Page 2224 - Shakespeare - Vol. 4
P. 2224
allora fanno a gara padre e figlio
a chi più pianga la sua figlia o moglie. 124
Ciascuno sua la dice, ma nessuno
può possedere quello che reclama.
Il padre dice, «È mia». «È mia», ribatte
il marito, «non mi portare via
l’interesse del dolore; non osi
piangerla alcuno, ch’ella è mia soltanto,
e piangerla può solo Collatino».
«Le diedi io», fa il vecchio, «quella vita
che troppo presto e tardi 125 ella ha versato».

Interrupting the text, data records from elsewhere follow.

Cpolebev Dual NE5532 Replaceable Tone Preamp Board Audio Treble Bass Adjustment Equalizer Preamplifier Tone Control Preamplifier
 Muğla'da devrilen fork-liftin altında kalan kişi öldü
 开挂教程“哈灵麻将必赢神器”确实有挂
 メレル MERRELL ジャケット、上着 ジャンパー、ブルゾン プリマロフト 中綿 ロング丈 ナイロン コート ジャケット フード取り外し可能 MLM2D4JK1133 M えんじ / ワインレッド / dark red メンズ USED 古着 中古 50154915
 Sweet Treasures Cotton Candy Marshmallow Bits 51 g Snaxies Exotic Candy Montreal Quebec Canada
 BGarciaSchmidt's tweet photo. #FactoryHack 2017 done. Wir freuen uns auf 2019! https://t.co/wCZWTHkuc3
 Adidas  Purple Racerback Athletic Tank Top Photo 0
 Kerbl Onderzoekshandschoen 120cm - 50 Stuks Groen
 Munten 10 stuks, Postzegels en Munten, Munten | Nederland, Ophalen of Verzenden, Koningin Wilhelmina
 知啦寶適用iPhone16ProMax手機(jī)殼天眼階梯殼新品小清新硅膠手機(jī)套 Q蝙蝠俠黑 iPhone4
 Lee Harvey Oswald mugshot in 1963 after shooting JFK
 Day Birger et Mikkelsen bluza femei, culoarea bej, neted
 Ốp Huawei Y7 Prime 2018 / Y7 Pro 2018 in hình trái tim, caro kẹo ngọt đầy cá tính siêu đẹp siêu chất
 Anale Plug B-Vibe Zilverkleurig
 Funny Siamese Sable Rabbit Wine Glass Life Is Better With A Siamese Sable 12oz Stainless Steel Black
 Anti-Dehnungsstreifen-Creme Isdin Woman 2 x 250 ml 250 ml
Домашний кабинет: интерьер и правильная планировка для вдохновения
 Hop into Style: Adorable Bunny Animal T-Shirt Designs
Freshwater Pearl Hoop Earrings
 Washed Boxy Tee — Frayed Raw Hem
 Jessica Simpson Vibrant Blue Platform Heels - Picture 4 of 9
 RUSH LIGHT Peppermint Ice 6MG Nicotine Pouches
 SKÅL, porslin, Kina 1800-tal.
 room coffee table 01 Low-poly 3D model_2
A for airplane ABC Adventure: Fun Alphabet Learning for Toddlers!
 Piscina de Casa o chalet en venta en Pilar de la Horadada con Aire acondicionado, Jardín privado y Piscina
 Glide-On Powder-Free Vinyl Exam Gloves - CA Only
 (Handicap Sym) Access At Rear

«Ahi», dice Collatino, «era mia moglie,
e ciò ch’ella ha ammazzato mi appartiene».
Di «figlia mia» e «mia moglie» suona l’aria,
che avendo in sé la vita di Lucrezia
«mia moglie» e «figlia mia» loro risponde.
Di fronte a tale gara di dolore,
Bruto, che estrasse il ferro da Lucrezia,
sepolta la follia dentro la piaga,
torna a vestir d’orgoglio il rango suo. 126
A Roma lo credevano un idiota,
un buffone di corte, ed era noto
per le sciocchezze e le facezie argute.
Ma adesso getta via questa sua veste,
in cui si nascondeva per astuzia,
e armato dell’ingegno che celava
fa smettere il suo pianto a Collatino.
«Oh Romano oltraggiato», dice, «sveglia!
Lascia che un finto pazzo a tutti ignoto
a te, d’esperto senno, sia maestro.
«Sana il dolore forse altro dolore,
la piaga nuova piaga, il torto il pianto?